[H. C. F. Mansilla]

Las falacias del igualitarismo


En la segunda década del Siglo XXI son evidentes el desempeño deficiente y la desilusión colectiva que han producido diversos gobiernos llamados neoliberales en el Tercer Mundo, especialmente a lo largo del periodo 1980-2000. No se puede hablar, por supuesto, de un fracaso inexorable y generalizado en todos los países de Asia, África y América Latina, puesto que muchos regímenes de este tipo han resultado particularmente exitosos. Pero desde el cambio de siglo se expande una vigorosa corriente socio-política que propugna una reforma radical para “superar” las limitaciones del liberalismo en el campo económico, en la esfera institucional y en el terreno de las prácticas culturales. Es en este último ámbito donde estos experimentos de reforma radical parecen tener las raíces más profundas.

La consecución de una igualdad fundamental representa, sin embargo, sólo una parte de un asunto mucho más complejo. La praxis cotidiana en las experiencias socialistas y populistas no ocurre -como los procesos sociopolíticos en general- en una esfera racional, transparente y aséptica, sino habitualmente en el terreno de la ambición, la codicia, la intriga y la concupiscencia. La envidia, que acompaña algunos de los aspectos más sombríos de aquellos regímenes, ha resultado ser una de las pasiones más fuertes y persistentes del género humano, que se expande a través de todos los experimentos de reforma social, alcanzando también a los más radicales. En las experiencias políticas donde el igualitarismo constituyó la ideología oficial, se formaron paulatinamente nuevas élites con amplias prerrogativas que las distinguían -y las alejaban- del pueblo llano, y el surgimiento de estos estratos privilegiados ha tenido que ver directamente con factores social-psicológicos como los resentimientos de vieja data, la envidia y la libido dominandi, factores que aparentemente no pueden ser eliminados en los diferentes modelos de convivencia humana.

La lucha despiadada por el poder supremo oscureció para siempre la reputación de la Revolución de Octubre (1917); el secretismo elitista y la arbitrariedad de las actuaciones gubernamentales han desacreditado a experimentos tan distintos como Cuba, Birmania y Corea del Norte; y el desempeño global muy mediocre de los regímenes populistas representa la base de juicios negativos acerca de los mismos. Estos desarrollos han desprestigiado las ideologías que subyacen a esos modelos, como la ilusión milenarista de una redención total del género humano, la doctrina de una igualdad básica de los hombres y el postulado de la fraternidad universal entre los mortales.

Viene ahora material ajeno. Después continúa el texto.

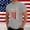 IT10-Light Gray, variant on Glisme T Shirt For Mens O Neck Graphic T Shirt Patriotic Independence Day Commemorative Print Short Sleeve Tee Soft 4Th Of July Clothes Light Blue 2Xl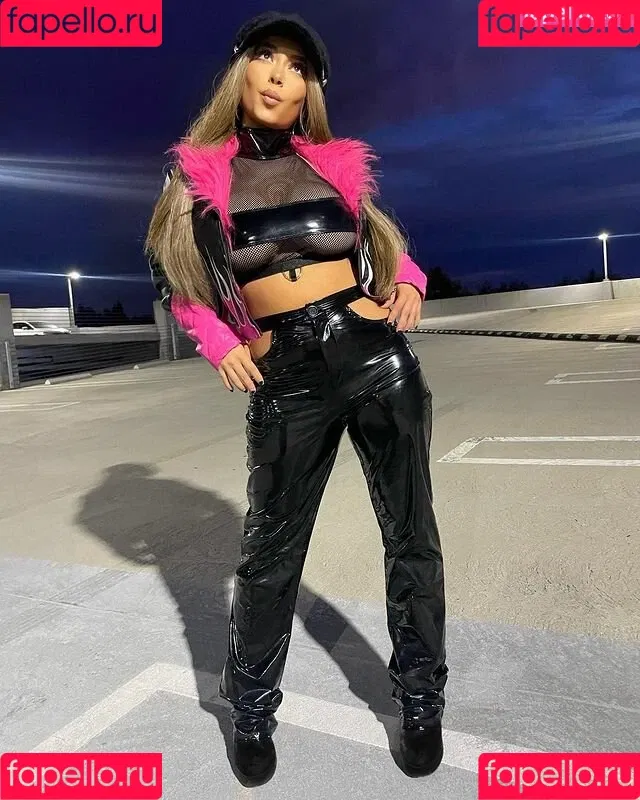 Thestarvasquez Onlyfans Photo Gallery 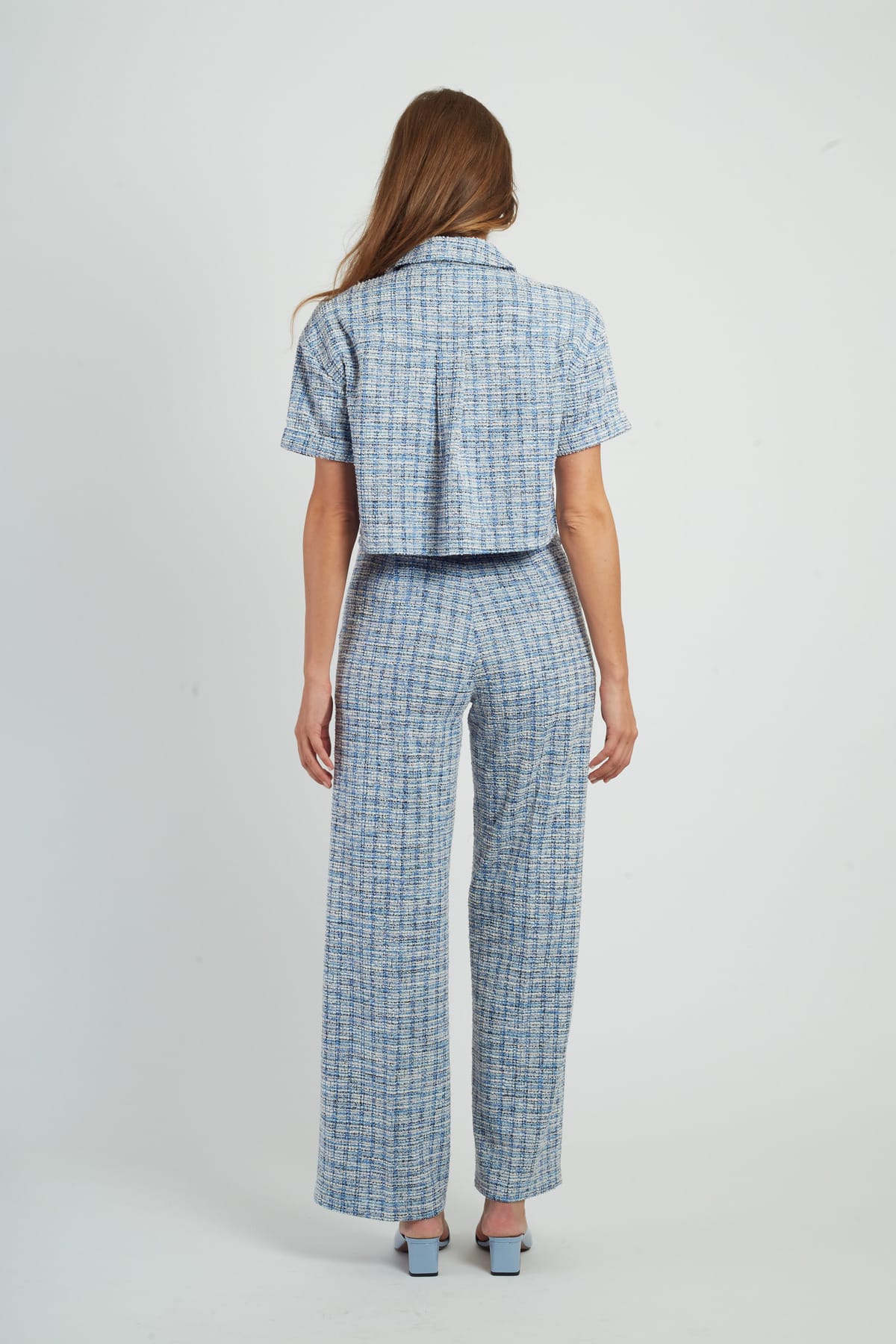 BLOUSE ALICE - René Derhy ref:P620020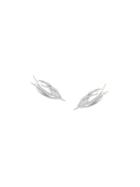 Shaun Leane 'white Feather' Diamond Earrings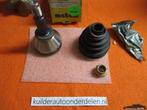 Homokineet wielzijde Fiat 127 128 Ritmo regata Metelli, Ophalen of Verzenden, Nieuw, Fiat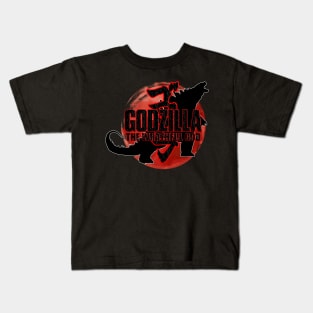 Godzilla Kids T-Shirt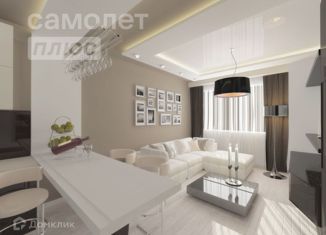Продам квартиру студию, 31.4 м2, Новосибирская область, Обская улица, 82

Y, sin embargo, el igualitarismo sigue constituyendo uno de los pilares básicos de la ideología y la propaganda de los modelos socialistas y populistas. La inclinación a suprimir las élites privilegiadas se combina con doctrinas de carácter utopista, las que, fuertemente influidas por un aura religiosa, presuponen un comienzo inmaculado de la historia humana, no contaminado aún por la formación de clases sociales y diferencias económicas, un comienzo, que al mismo tiempo determina la meta normativa a la cual debe llegar la historia de los hombres cuando se haya llegado a una auténtica redención socio-histórica. La poderosa visión de las experiencias revolucionarias -y su fuerza de atracción sobre intelectuales, pensadores y románticos- tiene que ver con la recreación de un sustrato protorreligioso: la combinación de Paraíso y Apocalipsis, la mezcla de utopía arcaizante y tecnología moderna, la mixtura de creencias sencillas con los refinamientos teóricos del marxismo.

El igualitarismo del inicio debe constituir, según estas teorías, el fundamento esencial del anhelado futuro. En el curso de una evolución muy compleja y enmarañada, este motivo del igualitarismo, que está muy arraigado en las clases populares y, sobre todo, en las construcciones teóricas de los intelectuales “progresistas”, se entremezcla con elementos revolucionarios de carácter teológico, con luchas políticas convencionales y, por consiguiente, sórdidas, con anhelos de progreso material y asimismo con el surgimiento de nuevas élites dirigentes. Las concepciones del orden justo abarcan el principio de la igualdad fundamental de los hombres y el postulado de la hermandad universal de los seres humanos, que a menudo se combinan con doctrinas utopistas y con la esperanza de una pronta redención social y cultural. Lo cual es muy difícil de alcanzar en la prosaica esfera de la política real y cotidiana.